[Berkhout, Johan Teding van (2)]
BERKHOUT (Johan Teding van) (2), heer van Sliedrecht, erfridder, baronet van het Heilige Roomsche Rijk. Geb. te 's Gravenhage Jan. 1648, overl. ald. 23 Mrt. 1720, zoon van Mr. Paulus T.v.B. (1) en Jacomina v.d. Vorst (kol. 133).
Hij ontving zijn opleiding aan de Hoogeschool te Leiden, waar hij den 12 Sept. 1615 als stud. in de geschiedenis en letteren werd ingeschreven.
Op twintigjarigen leeftijd reisde hij als edelman van het Hollandsch gezantschap in het gevolg van Hieronymus van Beverningk naar den Vredehandel te Aken. In 1669 vestigde hij zich te Monnikendam, waar hij achtereenvolgens werd aangesteld tot: pensionaris 1672, raad en vroedschap 1673, burgemeester 1674, schout 1676-1723 (Commissie Domein- en Rekenkamer 31 Aug. 1676); baljuw en dijkgraaf v. Waterland, Catwoude en Marken (Comm. als voren), convooimeester (Comm. St. Gen. 19 Nov. 1692), lid van Gecommitteerde Raden in het Noorderkwartier wegens Monnikendam; gedeputeerd in de Generaliteitsrekenkamer 1700; raad ter Admiraliteit in West-Friesland en 't Noorderkwartier (Comm. St. Gen. 24 Aug. 1709, 19 Aug. 1713 en 19 Aug. 1719.)

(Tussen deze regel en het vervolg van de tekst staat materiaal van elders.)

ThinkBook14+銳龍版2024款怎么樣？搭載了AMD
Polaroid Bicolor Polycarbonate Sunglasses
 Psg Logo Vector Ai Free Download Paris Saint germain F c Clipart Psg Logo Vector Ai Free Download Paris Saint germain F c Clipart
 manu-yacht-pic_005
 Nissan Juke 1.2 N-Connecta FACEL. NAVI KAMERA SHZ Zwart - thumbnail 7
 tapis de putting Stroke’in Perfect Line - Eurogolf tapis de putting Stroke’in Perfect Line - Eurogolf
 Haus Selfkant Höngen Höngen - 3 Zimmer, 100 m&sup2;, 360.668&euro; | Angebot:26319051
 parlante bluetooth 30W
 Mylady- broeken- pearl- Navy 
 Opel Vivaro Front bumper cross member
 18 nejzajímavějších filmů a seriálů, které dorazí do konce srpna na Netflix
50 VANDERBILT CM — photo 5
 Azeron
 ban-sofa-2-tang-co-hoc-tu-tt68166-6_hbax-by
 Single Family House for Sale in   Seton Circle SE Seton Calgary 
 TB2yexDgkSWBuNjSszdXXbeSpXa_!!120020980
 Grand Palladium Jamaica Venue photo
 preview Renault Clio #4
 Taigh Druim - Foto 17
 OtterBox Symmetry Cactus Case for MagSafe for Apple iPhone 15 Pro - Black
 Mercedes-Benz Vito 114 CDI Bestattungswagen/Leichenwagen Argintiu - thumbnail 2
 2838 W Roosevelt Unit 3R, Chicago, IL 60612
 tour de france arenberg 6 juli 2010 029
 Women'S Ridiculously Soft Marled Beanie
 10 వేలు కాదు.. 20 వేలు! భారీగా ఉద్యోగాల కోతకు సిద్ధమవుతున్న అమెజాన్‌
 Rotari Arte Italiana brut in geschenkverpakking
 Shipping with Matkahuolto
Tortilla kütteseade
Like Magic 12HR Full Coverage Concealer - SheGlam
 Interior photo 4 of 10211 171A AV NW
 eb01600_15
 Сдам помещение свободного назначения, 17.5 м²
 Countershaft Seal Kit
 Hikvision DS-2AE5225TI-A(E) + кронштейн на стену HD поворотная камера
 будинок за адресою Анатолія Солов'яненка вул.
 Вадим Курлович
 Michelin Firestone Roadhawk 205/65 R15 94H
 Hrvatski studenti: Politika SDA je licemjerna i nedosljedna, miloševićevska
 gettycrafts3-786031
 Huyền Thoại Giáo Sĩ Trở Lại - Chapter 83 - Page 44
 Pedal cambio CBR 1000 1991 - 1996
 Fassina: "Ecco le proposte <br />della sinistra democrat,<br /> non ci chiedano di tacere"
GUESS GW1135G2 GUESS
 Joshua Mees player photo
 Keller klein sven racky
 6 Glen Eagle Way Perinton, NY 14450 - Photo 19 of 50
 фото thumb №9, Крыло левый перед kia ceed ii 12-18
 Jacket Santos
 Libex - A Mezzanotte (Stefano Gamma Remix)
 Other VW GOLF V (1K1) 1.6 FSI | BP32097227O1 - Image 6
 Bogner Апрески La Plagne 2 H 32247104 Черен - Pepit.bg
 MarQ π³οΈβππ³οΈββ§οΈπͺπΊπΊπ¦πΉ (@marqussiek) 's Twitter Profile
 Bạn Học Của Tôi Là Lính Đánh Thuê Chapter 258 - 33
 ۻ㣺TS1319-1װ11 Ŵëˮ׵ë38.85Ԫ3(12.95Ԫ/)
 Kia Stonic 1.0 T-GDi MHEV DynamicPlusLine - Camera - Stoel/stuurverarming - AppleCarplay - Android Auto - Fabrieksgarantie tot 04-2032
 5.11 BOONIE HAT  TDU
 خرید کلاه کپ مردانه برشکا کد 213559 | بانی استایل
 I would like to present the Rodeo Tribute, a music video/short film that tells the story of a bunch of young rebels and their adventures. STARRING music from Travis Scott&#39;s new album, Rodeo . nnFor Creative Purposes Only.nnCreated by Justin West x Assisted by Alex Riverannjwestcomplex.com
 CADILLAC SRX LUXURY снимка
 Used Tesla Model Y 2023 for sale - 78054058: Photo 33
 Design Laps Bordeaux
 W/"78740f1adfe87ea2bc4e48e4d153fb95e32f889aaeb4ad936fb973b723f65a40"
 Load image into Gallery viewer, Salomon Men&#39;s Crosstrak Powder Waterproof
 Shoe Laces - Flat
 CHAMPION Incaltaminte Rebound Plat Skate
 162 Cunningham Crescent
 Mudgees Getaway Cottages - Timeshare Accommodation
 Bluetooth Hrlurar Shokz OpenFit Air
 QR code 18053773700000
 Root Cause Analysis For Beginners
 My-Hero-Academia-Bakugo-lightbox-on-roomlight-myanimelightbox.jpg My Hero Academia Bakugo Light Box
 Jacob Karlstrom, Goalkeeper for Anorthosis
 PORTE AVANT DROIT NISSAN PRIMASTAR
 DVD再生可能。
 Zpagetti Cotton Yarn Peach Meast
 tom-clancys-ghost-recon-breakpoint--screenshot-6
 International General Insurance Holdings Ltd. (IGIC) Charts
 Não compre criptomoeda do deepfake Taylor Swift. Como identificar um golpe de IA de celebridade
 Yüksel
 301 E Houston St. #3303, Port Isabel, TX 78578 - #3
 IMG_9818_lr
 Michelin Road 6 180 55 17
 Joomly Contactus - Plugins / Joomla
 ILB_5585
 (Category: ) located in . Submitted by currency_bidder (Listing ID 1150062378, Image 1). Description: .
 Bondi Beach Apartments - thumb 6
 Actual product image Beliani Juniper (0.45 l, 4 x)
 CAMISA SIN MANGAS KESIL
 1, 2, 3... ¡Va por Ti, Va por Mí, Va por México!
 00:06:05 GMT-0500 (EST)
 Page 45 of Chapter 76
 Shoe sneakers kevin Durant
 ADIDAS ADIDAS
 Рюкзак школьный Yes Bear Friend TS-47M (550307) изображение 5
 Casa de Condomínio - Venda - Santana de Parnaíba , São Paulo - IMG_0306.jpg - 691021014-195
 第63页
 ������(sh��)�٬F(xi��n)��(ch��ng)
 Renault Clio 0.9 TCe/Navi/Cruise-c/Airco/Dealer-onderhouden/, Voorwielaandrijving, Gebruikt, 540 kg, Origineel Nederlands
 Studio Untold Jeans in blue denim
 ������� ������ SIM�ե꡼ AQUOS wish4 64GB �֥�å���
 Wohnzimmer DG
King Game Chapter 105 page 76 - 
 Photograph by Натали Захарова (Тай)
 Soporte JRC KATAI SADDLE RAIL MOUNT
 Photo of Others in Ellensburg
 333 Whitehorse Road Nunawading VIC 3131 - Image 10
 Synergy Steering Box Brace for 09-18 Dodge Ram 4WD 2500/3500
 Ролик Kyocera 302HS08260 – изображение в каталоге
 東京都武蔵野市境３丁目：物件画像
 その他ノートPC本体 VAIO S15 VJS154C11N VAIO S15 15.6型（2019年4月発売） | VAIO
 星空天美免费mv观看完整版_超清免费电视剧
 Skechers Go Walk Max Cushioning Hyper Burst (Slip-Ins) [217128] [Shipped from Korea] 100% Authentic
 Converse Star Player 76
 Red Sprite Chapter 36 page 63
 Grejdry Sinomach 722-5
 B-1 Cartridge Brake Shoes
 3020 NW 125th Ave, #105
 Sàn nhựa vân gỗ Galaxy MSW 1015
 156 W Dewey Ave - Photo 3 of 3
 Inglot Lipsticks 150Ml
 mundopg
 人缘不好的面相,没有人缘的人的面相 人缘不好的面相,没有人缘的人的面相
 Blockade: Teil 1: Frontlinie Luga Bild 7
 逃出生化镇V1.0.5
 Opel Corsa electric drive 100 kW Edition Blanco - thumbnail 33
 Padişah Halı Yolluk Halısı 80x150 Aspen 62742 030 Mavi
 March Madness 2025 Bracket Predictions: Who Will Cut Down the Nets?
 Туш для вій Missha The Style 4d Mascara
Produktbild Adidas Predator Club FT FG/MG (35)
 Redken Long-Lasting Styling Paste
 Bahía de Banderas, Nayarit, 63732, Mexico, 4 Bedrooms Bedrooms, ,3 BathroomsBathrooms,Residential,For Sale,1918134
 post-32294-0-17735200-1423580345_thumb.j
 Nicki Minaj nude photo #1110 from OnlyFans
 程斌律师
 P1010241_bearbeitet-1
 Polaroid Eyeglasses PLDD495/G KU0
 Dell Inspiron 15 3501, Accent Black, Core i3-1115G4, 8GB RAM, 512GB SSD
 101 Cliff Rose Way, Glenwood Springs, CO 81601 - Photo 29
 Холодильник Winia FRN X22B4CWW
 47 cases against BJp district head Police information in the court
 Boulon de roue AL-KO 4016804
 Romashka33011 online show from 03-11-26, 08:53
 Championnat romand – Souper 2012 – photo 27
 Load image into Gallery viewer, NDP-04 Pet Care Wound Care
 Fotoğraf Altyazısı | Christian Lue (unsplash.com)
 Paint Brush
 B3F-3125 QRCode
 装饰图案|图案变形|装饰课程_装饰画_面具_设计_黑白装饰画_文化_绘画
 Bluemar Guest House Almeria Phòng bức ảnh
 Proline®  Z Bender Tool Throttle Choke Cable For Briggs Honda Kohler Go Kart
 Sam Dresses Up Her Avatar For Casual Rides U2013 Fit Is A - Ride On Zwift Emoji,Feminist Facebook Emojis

Berkhout schijnt met financieele moeilijkheden te kampen te hebben gehad, want in 1695 verkocht hij o.a. om zijn schulden te dekken zijn huis op den Vijverberg te 's Gravenhage voor f 16000 en de heerlijkheid Sliedrecht voor f 6800. (Zie o.a. Journaal van Huygens II, 535).